_To do_
Repeat the listing below in full and exactly, but without its pictures.

_Provided data_
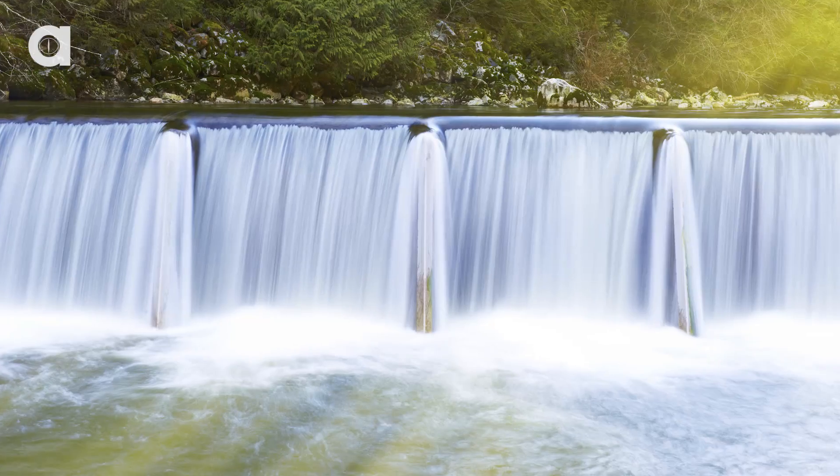In the past, scientists have tried creating natural fish ladders and physically moving fish from one side of the dam to the other. Unfortunately, this really isn't efficient.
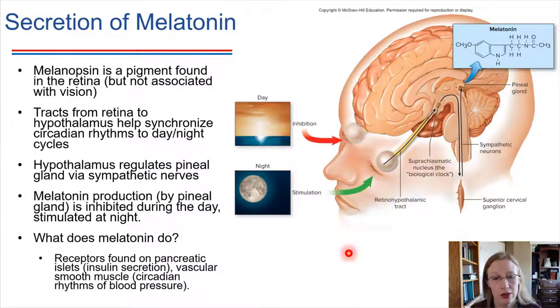Melatonin can also bind to smooth muscle in the vasculature throughout the body. Things like blood pressure also tend to rise and fall throughout the day cyclically, and so it's probably melatonin that is allowing that circadian rhythm to take place as well.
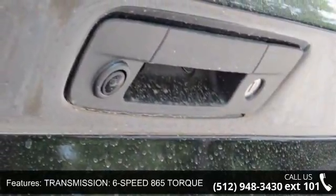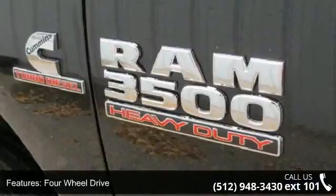4-wheel drive, tow hitch, power steering, ABS and 4-wheel disc brakes.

_Exercise response_
In the past, scientists have tried creating natural fish ladders and physically moving fish from one side of the dam to the other. Unfortunately, this really isn't efficient.
Melatonin can also bind to smooth muscle in the vasculature throughout the body. Things like blood pressure also tend to rise and fall throughout the day cyclically, and so it's probably melatonin that is allowing that circadian rhythm to take place as well.
4-wheel drive, tow hitch, power steering, ABS and 4-wheel disc brakes.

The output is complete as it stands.